JR富士見駅舎内にある同相談室は2021年6月に開設。初年度は380件の移住相談を受けた。一方で空き家相談は伸び悩んでいたが、2年目の今年度は14日現在で69件。昨年4~6月に集中しており、同封チラシの効果があったという。
「息子や娘も住まないので手放したい」「わが子に負担を掛けたくない」「処分したいが、何から手をつけていいか分からない」と内容はさまざま。所有しているだけで水道光熱費はかかり、昨今の値上げも処分を検討する一因になっていそうだ。
契約手続きなどは県宅建協会諏訪支部の富士見分会が担うが、空き家相談の増加につれ、町を介して成約に至った物件も増加。今年度は22件が成約または成約見込みとなった。空き家を賃貸物件に再生するケースも。賃貸は移住希望者に特に人気があり、わずか1週間で借り手が決まった物件もある。
雑誌「日経トレンディ」の副編集長などを務め、現在は作家・ライターの仕事をする渡邉穣さん。同相談室を介して築40年の2階建ての空き家を購入した。柱や梁の位置は動かさず、友人の大工と自身で2階を改修。壁と天井に木材を施し、こだわりが詰まった夫婦の書斎と、長男が帰郷した際に寝室にできるスペースを設けた。
「2階は令和、1階は昭和の家」と渡邉さん。自身の設計で2階への棚階段は作ったが、台所や居間、和室がある1階はほとんど手を付けていない。家の歴史、住んでいた人の思い出を継ぎたいという気持ちがある。

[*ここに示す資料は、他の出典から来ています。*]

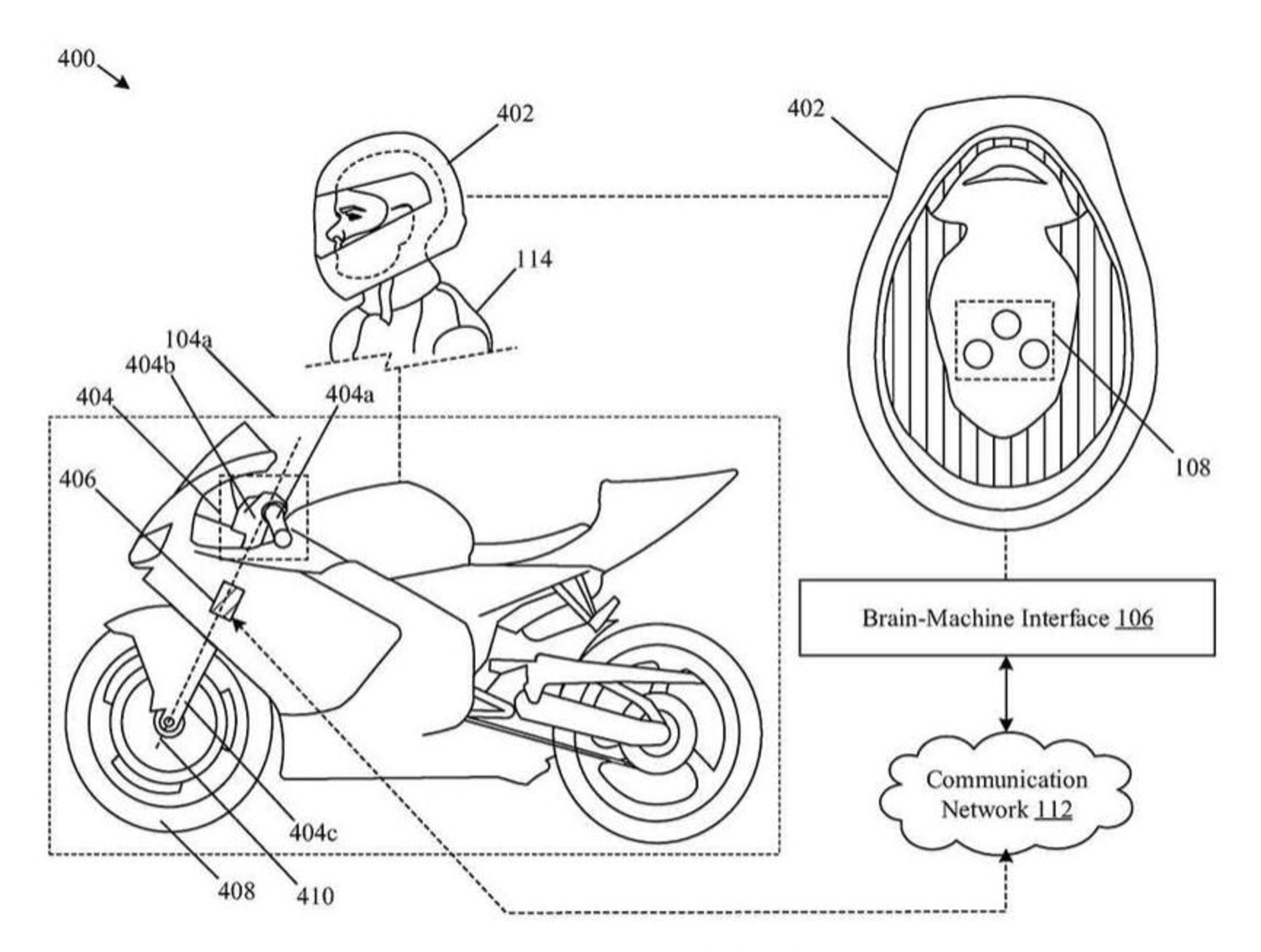 Interfaccia cervello-macchina per il nuovo brevetto di Honda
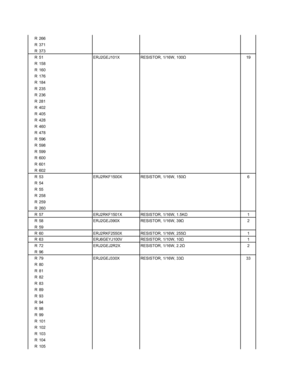 Page 93
R 266
R 371
R 373
R 51 ERJ2GEJ101X RESISTOR, 1/16W, 100Ω19
R 158
R 160
R 176
R 184
R 235
R 236
R 281
R 402
R 405
R 428
R 460
R 478
R 596
R 598
R 599
R 600
R 601
R 602
R 53 ERJ2RKF1500X RESISTOR, 1/16W, 150 Ω6
R54
R55
R 258
R 259
R 260
R 57 ERJ2RKF1501X RESISTOR, 1/16W, 1.5K Ω1
R 58 ERJ2GEJ390X RESISTOR, 1/16W, 39 Ω2
R59
R 60 ERJ2RKF2550X RESISTOR, 1/16W, 255 Ω1
R 63 ERJ6GEYJ100V RESISTOR, 1/10W, 10 Ω1
R 72 ERJ2GEJ2R2X RESISTOR, 1/16W, 2.2 Ω2
R96
R 79 ERJ2GEJ330X RESISTOR, 1/16W, 33 Ω33
R80
R81
R82
R83...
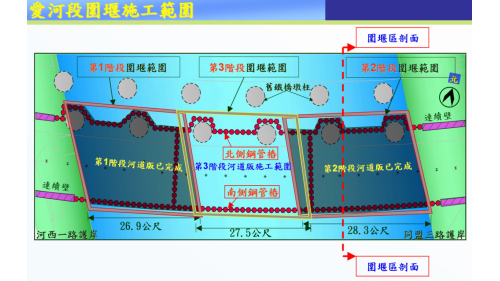 &nbsp;第1階段河道版(於100~101年非汛期間完成)、第2階段河道版(於101~102年非汛期間完成)，第1階段河道版下方深開挖及架撐作業於102年4月完成，續進行隧道結構體施築中。【圖/愛河段圍堰施工範圍】
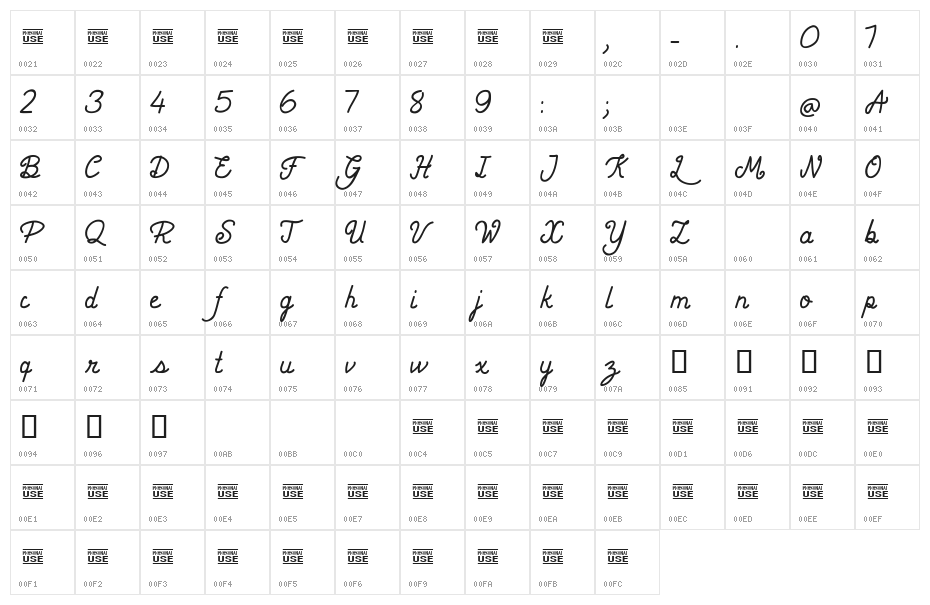 CF Chevalier de Lorimier Regular Character Map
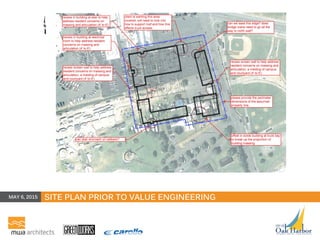 SITE PLAN PRIOR TO VALUE ENGINEERINGMAY 6, 2015
 
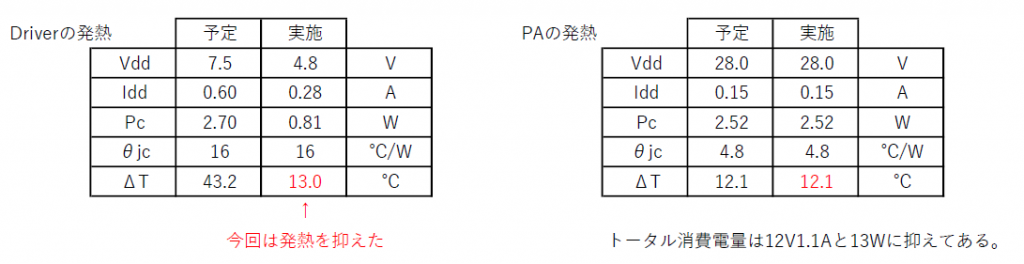 表発熱予想実績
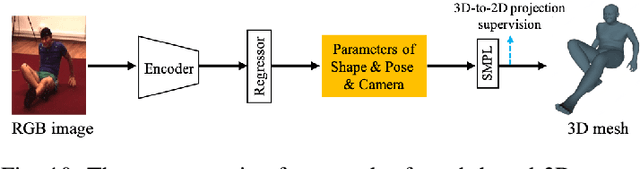 Figure 2 for Recent Advances in Monocular 2D and 3D Human Pose Estimation: A Deep Learning Perspective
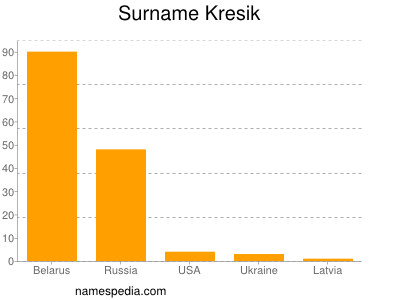 Surname Kresik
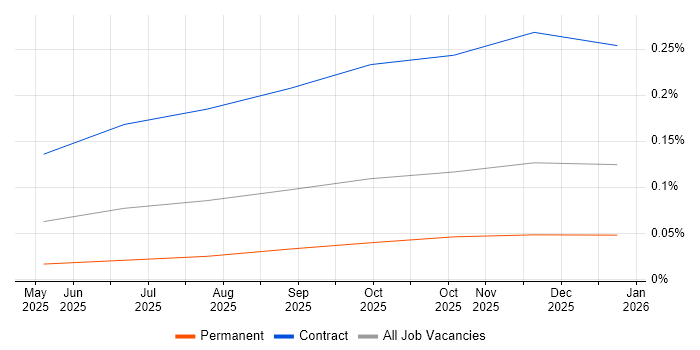 Model Context Protocol job vacancy trend for remote/hybrid jobs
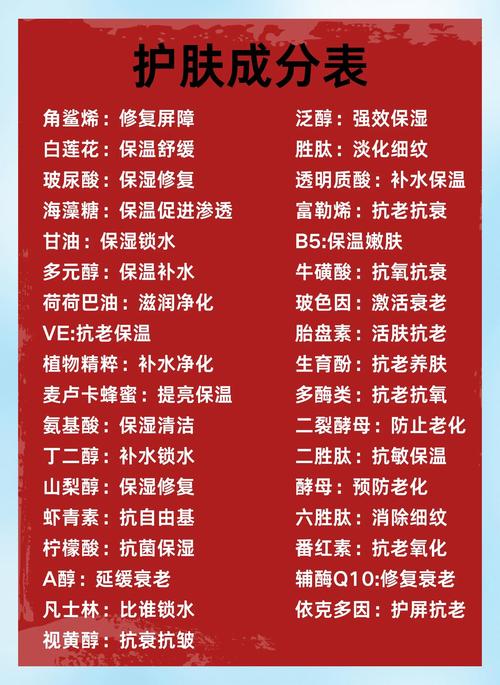 AI生成护肤品成分表错误标注示例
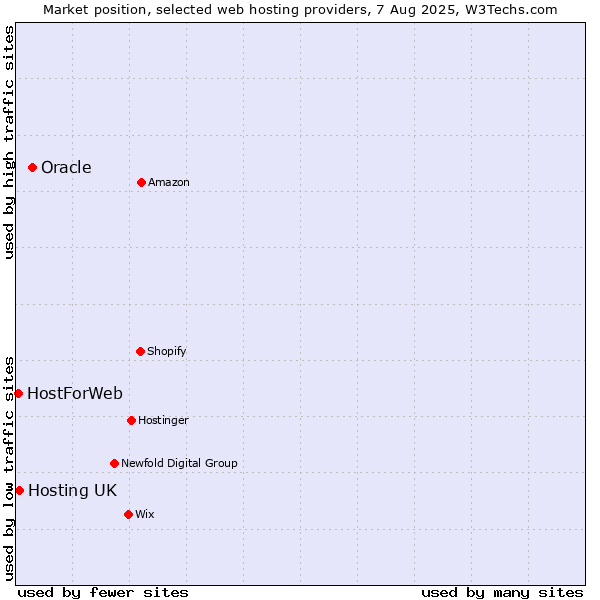Market position of Oracle vs. Hosting UK vs. HostForWeb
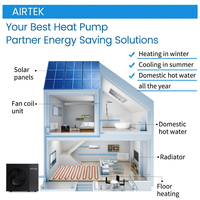 Pompe à chaleur air-eau AIRTEK A+++ R290 Monobloc Solaire Extérieur en Acier Inoxydable 10kW Chauffe-eau avec Contrôleur WiFi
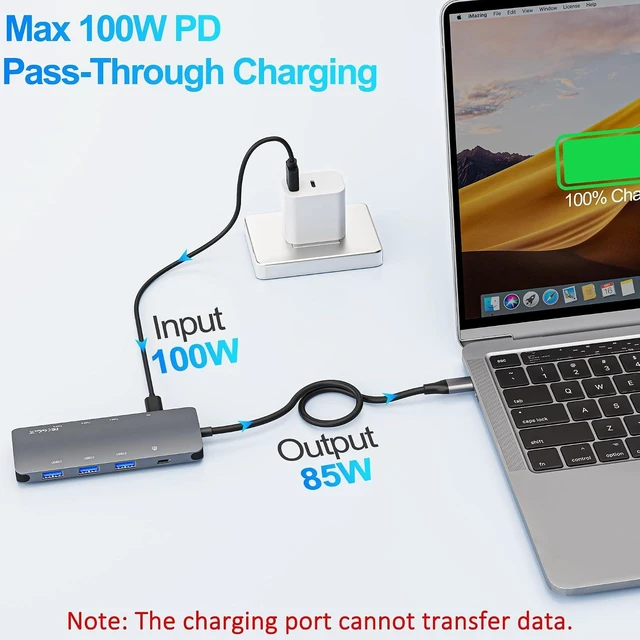 Alt view image 5 of 7 - USB C Hub 10Gbps, USB C Splitter with 4K@60Hz Video Display, 100W Power Delivery Charging, USB4 Hub Multiport Adapter with 10Gbps Data Transfer for MacBook Pro/Air, iPad Pro, Mac mini and More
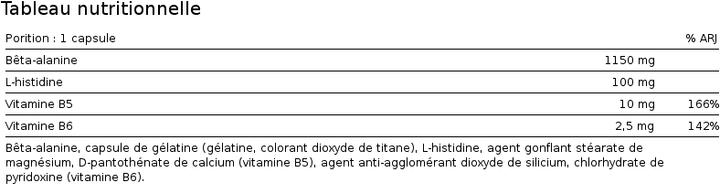 Nährwerte und Zutaten Nutrend Beta-Alanine Compressed Caps (90 Stück, Kapseln)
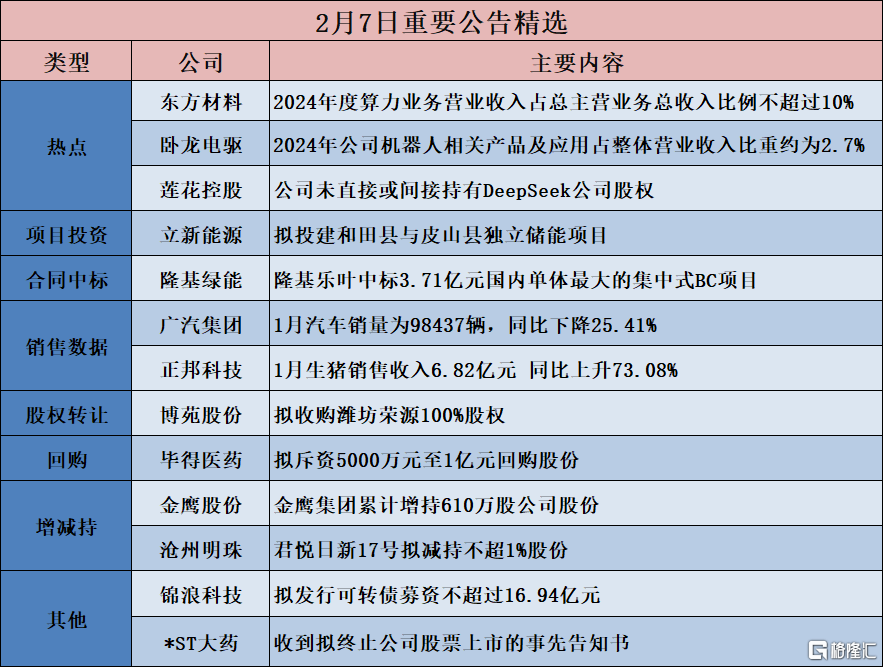 早报 (02.08）| 特朗普关税再升级！影响所有人？1月非农喜忧参半，美股惨遭 “血洗”；《哪吒2》登顶全球影史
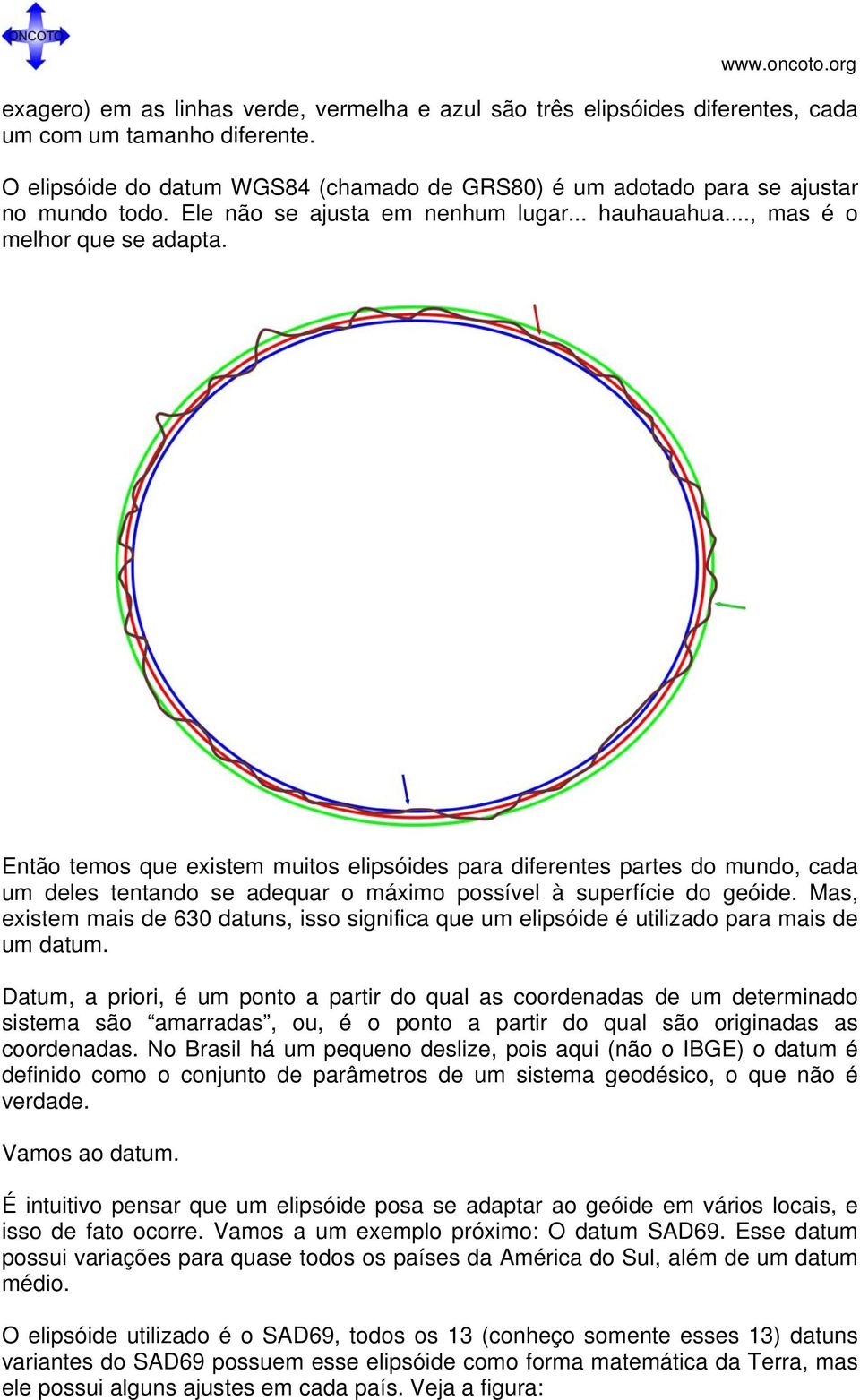 Então temos que existem muitos elipsóides para diferentes partes do mundo, cada um deles tentando se adequar o máximo possível à superfície do geóide.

同相談室は今春発送の通知書にも案内文を同封し、空き家の相談や情報提供を呼び掛ける考えで、町の空き家改修補助金も周知する。相談員の五味琴美さんは「活用されると、家はよみがえる。渡邉さん一家のように思いを大切にして暮らす方々や改修事例を、空き家所有者の方々に向けても発信していきたい」と話している。